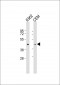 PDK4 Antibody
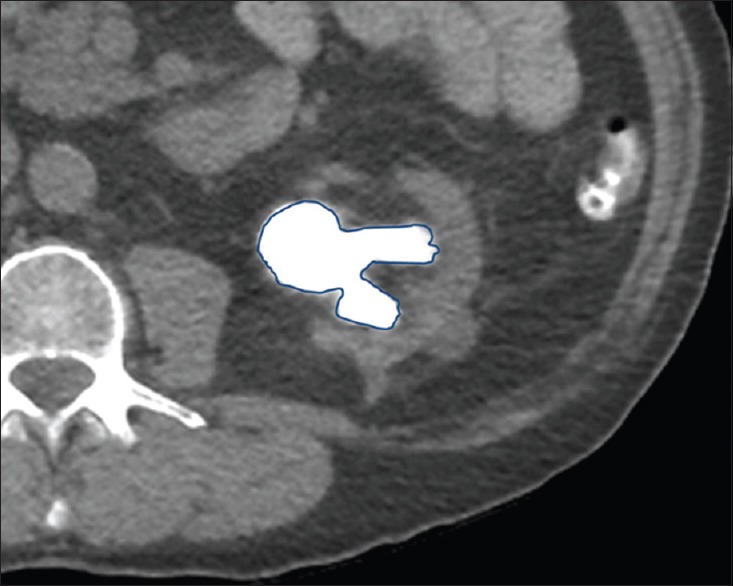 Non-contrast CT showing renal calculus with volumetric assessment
---
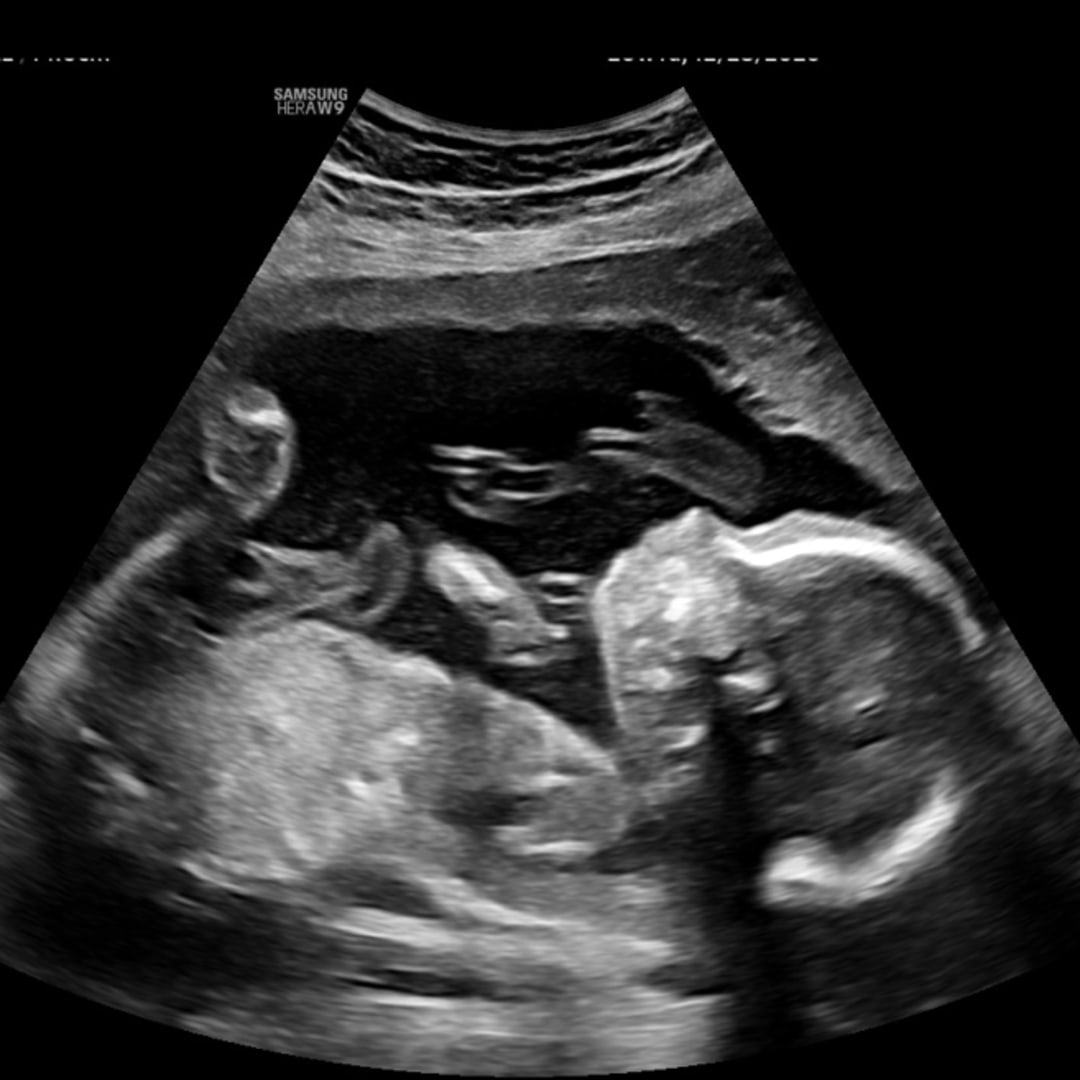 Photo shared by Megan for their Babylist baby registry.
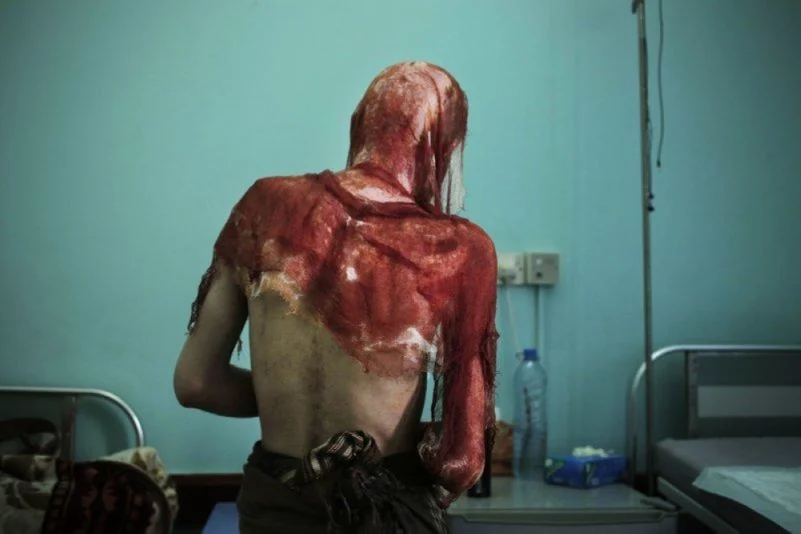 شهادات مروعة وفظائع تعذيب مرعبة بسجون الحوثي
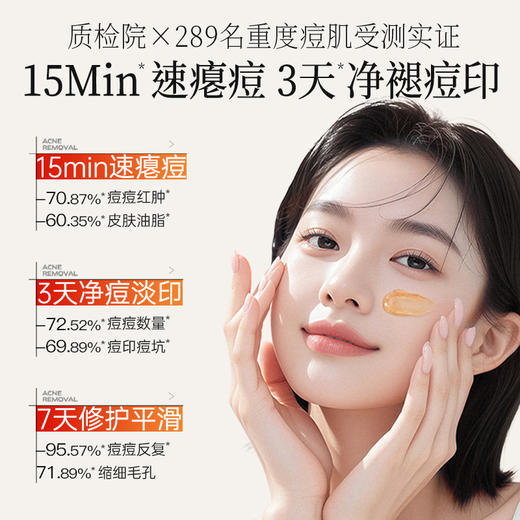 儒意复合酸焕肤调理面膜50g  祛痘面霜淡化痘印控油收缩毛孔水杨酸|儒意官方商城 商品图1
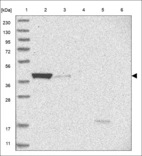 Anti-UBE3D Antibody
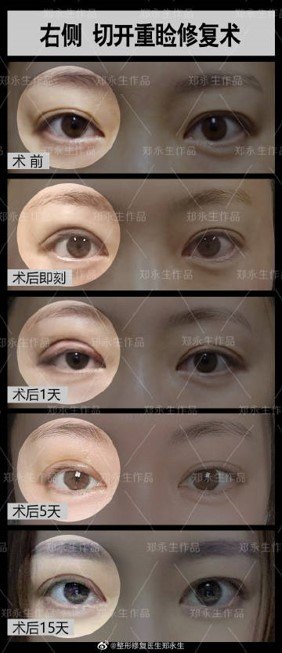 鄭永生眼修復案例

▶ [WHAT YOU NEED TO DO]
Within the entries above, the lines from the one containing "PDK4 Antibody" through the one containing "Non-contrast CT showing" are to be transcribed exactly, ends included, pictures excluded.

▶ [RESPONSE]
 PDK4 Antibody
 Non-contrast CT showing renal calculus with volumetric assessment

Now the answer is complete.